Masques en tissu ou de plongée, les Français champions du système D

52 128 cas de coronavirus
Entre le 21 janvier et le 31 mars 2020, 52 128 cas de COVID-19 ont été
confirmés par tests en France et 4 503 décès dans les hôpitaux.

Faute de masques et de respirateurs en quantité suffisante, les soignants français font appel à leur sens de la débrouille. Du matériel de fortune qui ne remplace pas le vrai mais a le mérite d’exister, faute de mieux…
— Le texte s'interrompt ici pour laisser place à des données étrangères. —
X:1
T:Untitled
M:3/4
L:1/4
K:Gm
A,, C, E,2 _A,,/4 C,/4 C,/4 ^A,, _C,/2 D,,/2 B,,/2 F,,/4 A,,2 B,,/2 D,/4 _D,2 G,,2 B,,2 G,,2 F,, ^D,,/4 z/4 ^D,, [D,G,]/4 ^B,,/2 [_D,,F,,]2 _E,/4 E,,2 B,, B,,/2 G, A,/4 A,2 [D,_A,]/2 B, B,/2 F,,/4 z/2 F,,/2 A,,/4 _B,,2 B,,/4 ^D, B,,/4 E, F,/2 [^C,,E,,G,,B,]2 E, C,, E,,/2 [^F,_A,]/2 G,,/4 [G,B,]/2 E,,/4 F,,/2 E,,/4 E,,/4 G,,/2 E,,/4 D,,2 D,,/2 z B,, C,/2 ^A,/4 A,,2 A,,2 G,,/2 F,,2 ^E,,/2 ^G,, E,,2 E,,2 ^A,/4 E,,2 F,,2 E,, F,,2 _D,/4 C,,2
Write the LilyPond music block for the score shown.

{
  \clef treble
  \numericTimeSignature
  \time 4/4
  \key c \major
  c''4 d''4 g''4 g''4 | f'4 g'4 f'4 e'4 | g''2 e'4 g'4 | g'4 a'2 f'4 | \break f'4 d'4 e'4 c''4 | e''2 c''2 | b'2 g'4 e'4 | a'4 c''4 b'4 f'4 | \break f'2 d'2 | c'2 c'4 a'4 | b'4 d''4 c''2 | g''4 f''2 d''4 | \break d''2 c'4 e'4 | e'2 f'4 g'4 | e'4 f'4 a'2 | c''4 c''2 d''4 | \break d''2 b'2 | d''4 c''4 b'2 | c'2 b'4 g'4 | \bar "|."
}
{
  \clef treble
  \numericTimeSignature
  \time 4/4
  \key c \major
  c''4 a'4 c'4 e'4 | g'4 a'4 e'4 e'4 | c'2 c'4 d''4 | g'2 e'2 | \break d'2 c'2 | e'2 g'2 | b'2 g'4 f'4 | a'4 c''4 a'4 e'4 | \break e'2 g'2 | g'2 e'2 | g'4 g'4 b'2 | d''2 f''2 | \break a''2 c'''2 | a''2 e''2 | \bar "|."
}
Un modèle de masque à télécharger

L’heure est à la débrouille et au système D. Et en la matière, les Français sont des champions. Puisqu’ils attendent toujours les fameux masques dont ils ont besoin pour se protéger du COVID-19, ils ont décidé de s’adapter. Après le modèle de masque en tissu proposé par le CHU de Grenoble, c’est au tour de l’Association française de normalisation (Afnor) de proposer un modèle. Le patron est téléchargeable gratuitement sur leur site et toutes les personnes, même non professionnelles, sont appelées à en coudre pour en faire don aux soignants. Quant aux matières premières, la population est appelée à donner du tissu -même des vieux draps ou rideaux- et des élastiques.

Certes, il s’agit juste d’un masque barrière qui ne remplace pas le masque chirurgical et encore moins le dispositif médical type FFP2 mais il a le mérite d’exister. D’ailleurs la ville de Bordeaux encourage ses habitants à porter ce masque en tissu lorsqu’elle doit se déplacer. Il vient en complément des gestes barrière recommandés et demandes de nombreuses précautions lors de son utilisation.

Le succès du masque de plongée de Décathlon

Autre masque qui fait son apparition depuis plusieurs jours, le masque de snorkeling Easybreath conçu par Décathlon. Dans un interview réalisé par Brut, le professeur Philippe Juvin, chef du service des urgences à l'hôpital Georges-Pompidou, explique comment cet accessoire de plongée permet de protéger les soignants du COVID-19. Il détaille aussi comment fabriquer un masque avec un simple intercalaire, un élastique et une imprimante 3D.

Mais ce n’est pas tout. Bidouillé avec des tuyaux réalisés à l'aide d'une imprimante 3D, le masque Décathlon peut être détourné et se transformer en respirateur. Une idée du médecin italien Renato Favero qui a pu être mise en œuvre avec la collaboration de l’entreprise Isinnova, spécialisée dans l’impression 3D. Et une belle publicité pour Décathlon qui a mis ses masques de plongée à la disposition des hôpitaux, plus un seul n'est disponible aux particuliers. Il rencontrent un tel succès que des médecins français d'Île-de-France ont lancé plusieurs appels pour récupérer ces masques chez des particuliers et les utiliser.